We need policy fine-tuning. NYC already attempts to balance prevailing wage, affordability targets, and location economics by waiving wage requirements in weaker markets like The Bronx or parts of Staten Island. But in middle-market areas — where land is still relatively affordable but zoning allows density — the prevailing wage requirement can tip a project from feasible to infeasible. That’s where small MWBE teams, modular techniques, and integrated project delivery could step in — if empowered. Instead of relying on the same high-cost firms, let’s give smaller, nimble teams the chance to deliver better results.


Take the Bronx, for example. With lower land costs and flexibility around labor rules, this borough has become a hub for supportive housing projects using 9% LIHTC, city vouchers, and capital subsidies. Developers here often work with mission-driven teams and MWBEs. Meanwhile, in parts of Queens, like Jamaica and Flushing, zoning overlays and transit access create perfect conditions for mixed-income projects using 4% LIHTC, 485-x, and inclusionary zoning bonuses — provided the development team can strategically layer those tools.

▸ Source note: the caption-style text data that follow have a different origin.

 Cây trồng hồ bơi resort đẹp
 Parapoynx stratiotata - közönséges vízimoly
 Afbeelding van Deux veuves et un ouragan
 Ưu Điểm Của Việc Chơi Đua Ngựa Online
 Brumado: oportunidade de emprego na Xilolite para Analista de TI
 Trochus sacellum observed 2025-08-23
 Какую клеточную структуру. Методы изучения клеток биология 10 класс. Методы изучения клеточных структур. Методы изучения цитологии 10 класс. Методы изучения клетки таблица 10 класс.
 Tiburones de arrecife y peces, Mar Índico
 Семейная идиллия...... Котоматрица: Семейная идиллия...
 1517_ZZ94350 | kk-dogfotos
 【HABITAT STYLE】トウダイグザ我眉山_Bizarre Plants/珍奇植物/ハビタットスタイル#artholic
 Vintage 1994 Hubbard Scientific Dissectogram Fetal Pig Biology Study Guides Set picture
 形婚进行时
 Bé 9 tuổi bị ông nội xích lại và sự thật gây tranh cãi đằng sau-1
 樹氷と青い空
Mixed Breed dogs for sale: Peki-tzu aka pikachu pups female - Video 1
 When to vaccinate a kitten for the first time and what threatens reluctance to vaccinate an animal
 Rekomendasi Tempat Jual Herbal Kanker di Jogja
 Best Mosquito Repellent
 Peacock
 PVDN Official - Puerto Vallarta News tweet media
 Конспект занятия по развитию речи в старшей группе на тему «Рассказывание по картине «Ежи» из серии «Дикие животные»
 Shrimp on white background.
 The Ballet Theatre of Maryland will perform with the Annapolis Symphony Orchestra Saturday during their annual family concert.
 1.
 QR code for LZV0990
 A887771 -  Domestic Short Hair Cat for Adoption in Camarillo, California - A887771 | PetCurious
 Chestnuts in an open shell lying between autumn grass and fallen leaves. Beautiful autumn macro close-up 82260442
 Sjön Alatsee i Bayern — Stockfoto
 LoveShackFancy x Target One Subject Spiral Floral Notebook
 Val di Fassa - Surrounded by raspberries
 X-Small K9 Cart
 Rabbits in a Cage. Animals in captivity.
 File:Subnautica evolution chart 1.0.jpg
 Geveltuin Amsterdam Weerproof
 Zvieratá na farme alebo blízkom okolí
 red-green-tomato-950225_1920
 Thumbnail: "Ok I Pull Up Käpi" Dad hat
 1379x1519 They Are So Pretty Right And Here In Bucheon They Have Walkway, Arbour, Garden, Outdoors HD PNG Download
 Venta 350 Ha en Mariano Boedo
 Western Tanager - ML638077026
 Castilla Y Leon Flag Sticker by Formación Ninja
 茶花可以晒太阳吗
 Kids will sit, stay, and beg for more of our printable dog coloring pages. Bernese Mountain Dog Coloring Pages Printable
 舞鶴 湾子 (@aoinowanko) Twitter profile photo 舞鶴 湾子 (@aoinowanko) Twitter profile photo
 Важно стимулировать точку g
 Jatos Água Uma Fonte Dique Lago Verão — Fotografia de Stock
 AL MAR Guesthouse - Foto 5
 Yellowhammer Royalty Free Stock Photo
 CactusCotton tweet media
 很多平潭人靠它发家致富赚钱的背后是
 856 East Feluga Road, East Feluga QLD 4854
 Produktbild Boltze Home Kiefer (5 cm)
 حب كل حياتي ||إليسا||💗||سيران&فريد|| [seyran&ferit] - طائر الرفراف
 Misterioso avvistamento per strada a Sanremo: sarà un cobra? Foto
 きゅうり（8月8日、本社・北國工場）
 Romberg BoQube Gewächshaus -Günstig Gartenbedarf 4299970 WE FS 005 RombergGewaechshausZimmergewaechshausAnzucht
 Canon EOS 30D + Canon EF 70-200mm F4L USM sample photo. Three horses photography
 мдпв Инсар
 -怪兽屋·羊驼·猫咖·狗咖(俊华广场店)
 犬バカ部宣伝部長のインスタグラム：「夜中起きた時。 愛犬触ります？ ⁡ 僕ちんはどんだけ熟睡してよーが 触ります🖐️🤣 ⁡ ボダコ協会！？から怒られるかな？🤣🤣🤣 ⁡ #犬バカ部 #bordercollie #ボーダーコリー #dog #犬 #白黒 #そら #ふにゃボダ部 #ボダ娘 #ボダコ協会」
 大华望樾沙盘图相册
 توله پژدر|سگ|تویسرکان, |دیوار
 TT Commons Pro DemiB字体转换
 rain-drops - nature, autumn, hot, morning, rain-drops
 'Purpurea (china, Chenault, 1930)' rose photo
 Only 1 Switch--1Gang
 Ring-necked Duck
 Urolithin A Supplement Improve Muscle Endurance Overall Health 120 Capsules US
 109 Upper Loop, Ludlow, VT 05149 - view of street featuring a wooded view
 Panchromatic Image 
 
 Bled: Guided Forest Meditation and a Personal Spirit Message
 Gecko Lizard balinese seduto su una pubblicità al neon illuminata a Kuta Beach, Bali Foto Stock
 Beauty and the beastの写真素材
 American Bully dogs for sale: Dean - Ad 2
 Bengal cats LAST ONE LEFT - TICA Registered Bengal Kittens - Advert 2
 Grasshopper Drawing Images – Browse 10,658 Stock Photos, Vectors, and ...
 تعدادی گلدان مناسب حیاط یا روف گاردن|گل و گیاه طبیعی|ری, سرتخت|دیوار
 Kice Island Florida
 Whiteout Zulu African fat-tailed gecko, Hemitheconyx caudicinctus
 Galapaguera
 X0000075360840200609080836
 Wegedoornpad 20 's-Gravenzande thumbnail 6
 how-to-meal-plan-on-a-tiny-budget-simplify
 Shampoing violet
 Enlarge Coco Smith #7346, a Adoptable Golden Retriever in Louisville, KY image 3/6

City of Yes adds another layer of potential. By expanding zoning flexibility — especially through the Universal Affordability Preference (UAP) — developers in certain zones can increase FAR in exchange for deeper affordability. Yet to maximize that potential, we need these zoning bonuses to be paired with capital resources that MWBEs can actually access. Without it, zoning becomes permission without power.

Zoning without access is just permission without power. To unlock the full potential of tools like City of Yes and UAP, MWBE teams must be given the capital, coordination, and streamlined processes to lead — transforming fragmentation into integrated, innovation-first solutions.
Zoning without access is just permission without power. To unlock the full potential of tools like City of Yes and UAP, MWBE teams must be given the capital, coordination, and streamlined processes to lead — transforming fragmentation into integrated, innovation-first solutions.

Ultimately, the biggest issue isn’t the tools — it’s the fragmentation. LIHTC, 485-x, HPD programs, zoning bonuses, union mandates, and MWBE policies all operate in parallel, with different agencies, application cycles, and approval workflows. Even experienced developers struggle to braid them together. For small firms, the learning curve and administrative burden can be crushing. We need better inter-agency coordination, streamlined processes, and incentives that prioritize innovation, not repetition.


Because in today’s complex environment, the old way of doing things won’t deliver new results. Developers may have once favored large, risk-averse firms for their track record of repetition, but this is a different moment. The challenges are more nuanced. The trade-offs are more layered. And that means the solutions must be more creative — and more inclusive.


It’s time to stop treating MWBEs as peripheral contributors and recognize them as central problem-solvers. The housing crisis in NYC isn’t just about building more — it’s about building better. And to do that, we need new voices, new partnerships, and a city that’s willing to let the most innovative players lead.